/rɪdʒ rɪˈɡrɛʃ.ən/
noun … “OLS with a leash on wild coefficients.”
Ridge Regression is a regularized variant of Ordinary Least Squares used in Linear Regression to prevent overfitting when predictors are highly correlated or when the number of features is large relative to observations. By adding a penalty term proportional to the square of the magnitude of coefficients, Ridge Regression shrinks estimates toward zero without eliminating variables, balancing bias and Variance to improve predictive performance and numerical stability.
Mathematically, Ridge Regression minimizes the objective function:
β̂ = argmin ||Y - Xβ||² + λ||β||²Here, Y is the response vector, X is the predictor matrix, β is the coefficient vector, ||·||² denotes the squared Euclidean norm, and λ ≥ 0 is the regularization parameter controlling the strength of shrinkage. When λ = 0, Ridge reduces to standard OLS; as λ increases, coefficients are pulled closer to zero, reducing sensitivity to multicollinearity and extreme values.

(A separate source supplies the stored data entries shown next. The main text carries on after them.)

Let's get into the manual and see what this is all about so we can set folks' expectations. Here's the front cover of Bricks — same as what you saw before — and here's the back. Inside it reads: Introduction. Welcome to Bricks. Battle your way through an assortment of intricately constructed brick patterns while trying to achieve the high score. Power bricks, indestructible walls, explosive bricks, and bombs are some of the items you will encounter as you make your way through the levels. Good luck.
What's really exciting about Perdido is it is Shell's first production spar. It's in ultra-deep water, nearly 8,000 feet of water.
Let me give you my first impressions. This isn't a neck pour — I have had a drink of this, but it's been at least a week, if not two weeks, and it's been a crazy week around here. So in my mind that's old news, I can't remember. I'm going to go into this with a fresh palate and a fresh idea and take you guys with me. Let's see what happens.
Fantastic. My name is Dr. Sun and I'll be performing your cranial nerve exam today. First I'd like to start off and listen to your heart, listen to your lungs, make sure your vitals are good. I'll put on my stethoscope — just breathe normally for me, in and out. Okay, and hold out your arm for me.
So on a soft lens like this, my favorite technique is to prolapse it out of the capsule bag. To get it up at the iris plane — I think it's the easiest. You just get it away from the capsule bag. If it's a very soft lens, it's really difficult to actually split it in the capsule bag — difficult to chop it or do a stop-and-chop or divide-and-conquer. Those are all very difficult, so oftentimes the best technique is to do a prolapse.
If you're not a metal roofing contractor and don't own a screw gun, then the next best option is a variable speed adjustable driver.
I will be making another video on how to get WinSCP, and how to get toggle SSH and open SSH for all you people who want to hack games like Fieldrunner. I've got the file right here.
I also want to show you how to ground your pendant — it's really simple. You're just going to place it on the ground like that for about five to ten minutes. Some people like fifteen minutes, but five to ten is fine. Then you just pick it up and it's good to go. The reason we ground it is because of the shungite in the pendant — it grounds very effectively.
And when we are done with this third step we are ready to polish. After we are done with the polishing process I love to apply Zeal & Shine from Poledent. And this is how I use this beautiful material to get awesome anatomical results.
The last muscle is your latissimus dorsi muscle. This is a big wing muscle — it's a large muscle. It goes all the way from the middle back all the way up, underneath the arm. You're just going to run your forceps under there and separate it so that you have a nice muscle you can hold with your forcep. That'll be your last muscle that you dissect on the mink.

Ridge Regression is widely used in high-dimensional data, including genomics, finance, and machine learning pipelines, where feature count can exceed sample size. It works hand-in-hand with concepts such as Covariance Matrix analysis, Expectation Values, and residual variance to ensure stable and interpretable models. It is also a foundation for other regularization techniques like Lasso and Elastic Net.
Example conceptual workflow for Ridge Regression:
collect dataset with predictors and response
standardize features to ensure comparable scaling
choose a range of λ values to control regularization
fit Ridge Regression for each λ
evaluate model performance using cross-validation
select λ minimizing prediction error and assess coefficientsIntuitively, Ridge Regression is like putting a leash on OLS coefficients: it allows them to move and respond to data but prevents them from swinging wildly due to correlated predictors or small sample noise. The result is a more disciplined, reliable model that balances fit and generalization, taming complexity without discarding valuable information.